The study found that adoption and usage of digital person-to-person (P2P) payments are high among all generations, with consumers pointing to trust in friends and family and trust in their financial institutions as the primary reasons for engaging in a digital payment. Boomers ranked trust in financial institutions as the most important influence on engaging in a digital payment, while Millennials and Generation X ranked recommendations from friends/family/peers as their primary influence.
“Trust is at the heart of the consumer payment relationship,” said Ravi Loganathan, Head of Business Intelligence at Early Warning Services. “Our research showed that new segments of consumers engaged in a P2P payment for the first time because it was offered from their known and trusted mobile banking environment or it came recommended by friends, family, or peers.”
Try It. You’ll Like It.
Although digital P2P adoption first caught on with Millennials, adoption of P2P services continue to be popular among all generations. Of those surveyed, more than seventy-five percent of Millennials have used online or mobile P2P payments. Generation X is a close second at sixty-nine percent, and Baby Boomers are closing in at fifty-one percent.
Those who already have P2P are using it frequently, indicating P2P is becoming part of routine banking behavior. Forty-nine percent of Millennials use P2P payment services at least once a week, followed by forty-two percent of Generation X and thirty-two percent of Boomers.
Trust in Transactions Starts with Trust in Your Friends and Family or Trust in Your Bank
Sixty-eight percent of Millennials and sixty-six percent of Generation X identified recommendations from friends and family referrals as the primary reason for trying a P2P payments service. For Boomers, trust in financial institutions was cited as the key reason for changing payments behavior from physical cash and checks to digital P2P payments.

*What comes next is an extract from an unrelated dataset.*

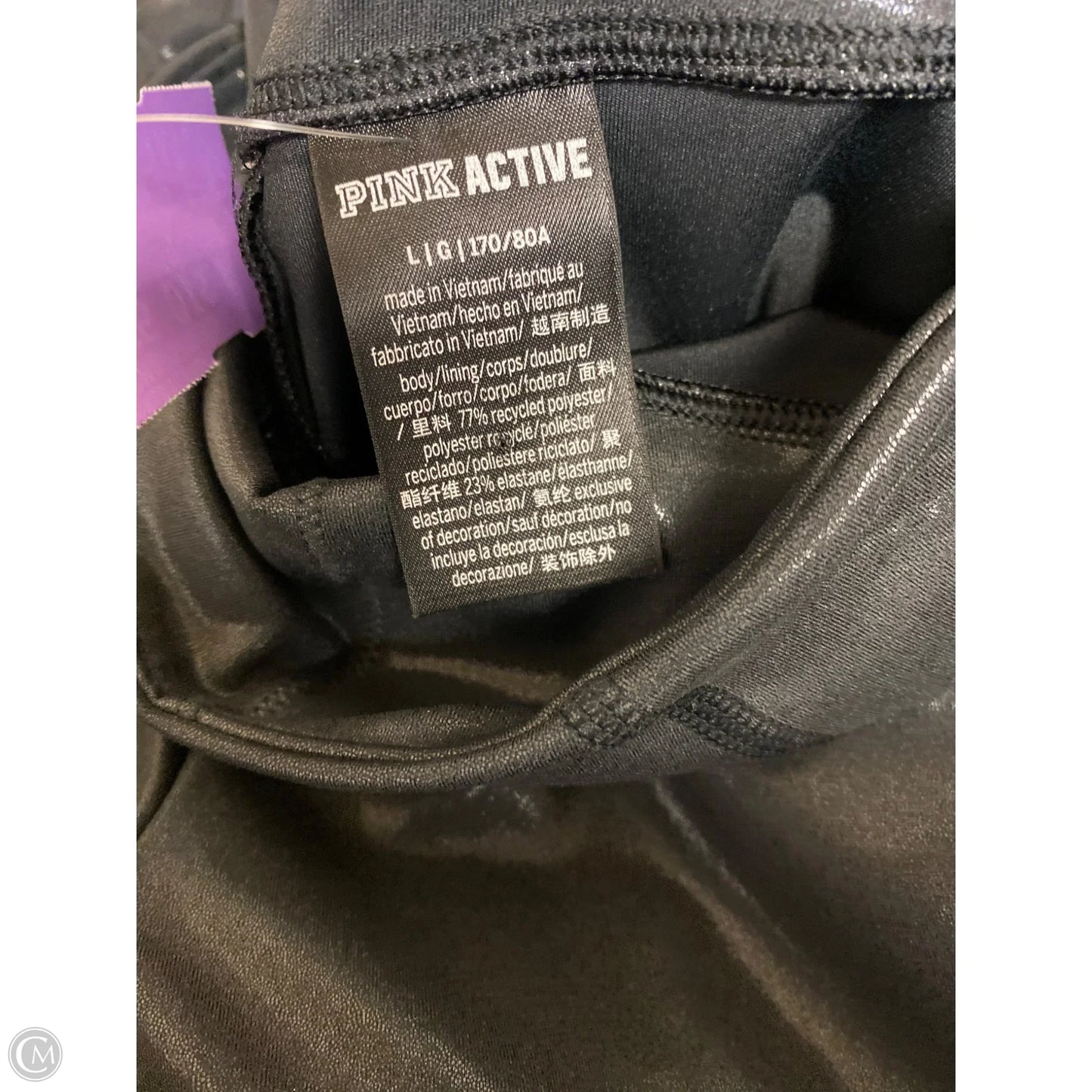 Pants Leggings By Pink In Black, Size: L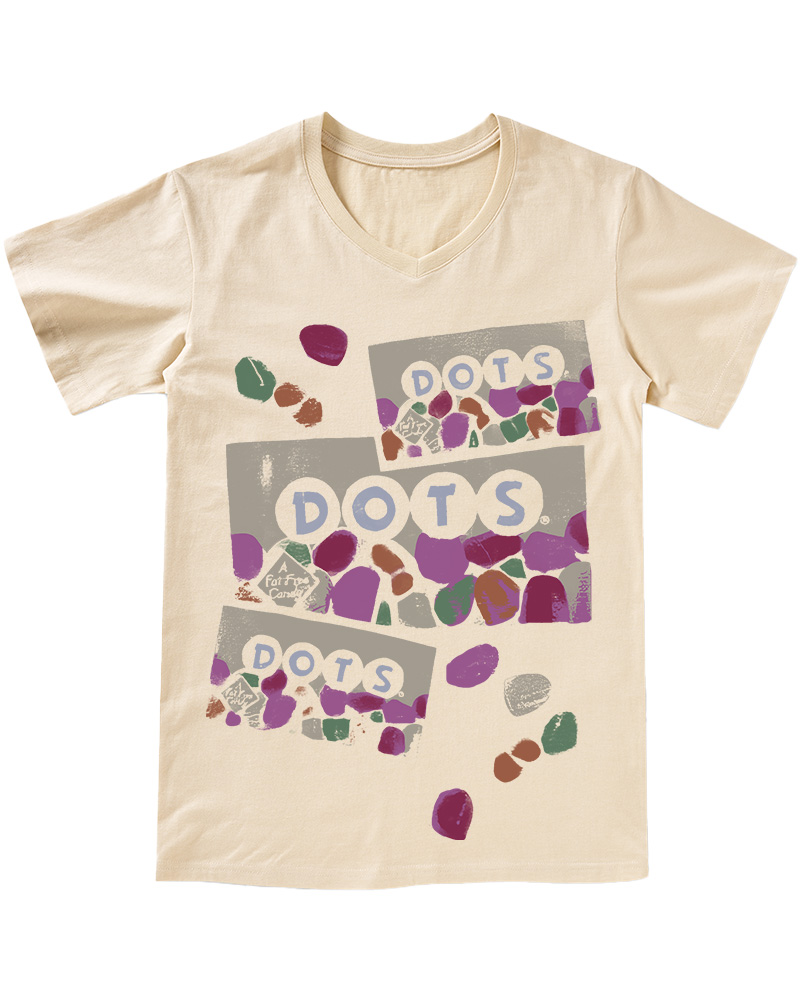 Dots - Logo Juniors V-neck T-Shirt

A service being “offered through a financial institution I use” was found to be a significant motivator for using digital P2P payments for the first time amongst older users, with seventy percent of Boomers reporting they used a P2P service because it was offered by their bank, versus forty-nine percent of Generation X and thirty-five percent of Millennials. The findings suggest that consumers want a secure, easy to use service right from their online banking and/or mobile banking app that is recommended by friends and family who use the service.
Security was also identified as a “very important” feature for an ideal P2P service across all generations. Boomers ranked it the number one feature, while Gen X placed it third and Millennials fifth out of thirteen choices, such as having social features or app reviews. Consumers cited accessing financial information online outside of their financial institutions’ platforms as one of the top barriers to using digital payment services.
Rent, Splitting Bills and Gifting Top P2P Use Cases
And, what are they using these services for? After reviewing the memo fields used on transactions across the Zelle Network® , it was determined that the top reasons for use in banking apps over a six-month period were rent, meals, splitting utility bills, and gifting.
The study was based upon a twenty-minute self-contained digital survey that was administered online in April 2018, to a total of 9,229 consumers ages 18-65, with a high school degree or higher. Participants were aware of P2P, owned a smartphone, sent or received money by any means, and used online or mobile banking in the past six months. Interviews were conducted in two phases: an initial phase that included baseline metrics from surveyed online U.S. consumers, and a post-qualifying phase including detailed behavior, and attitudinal data.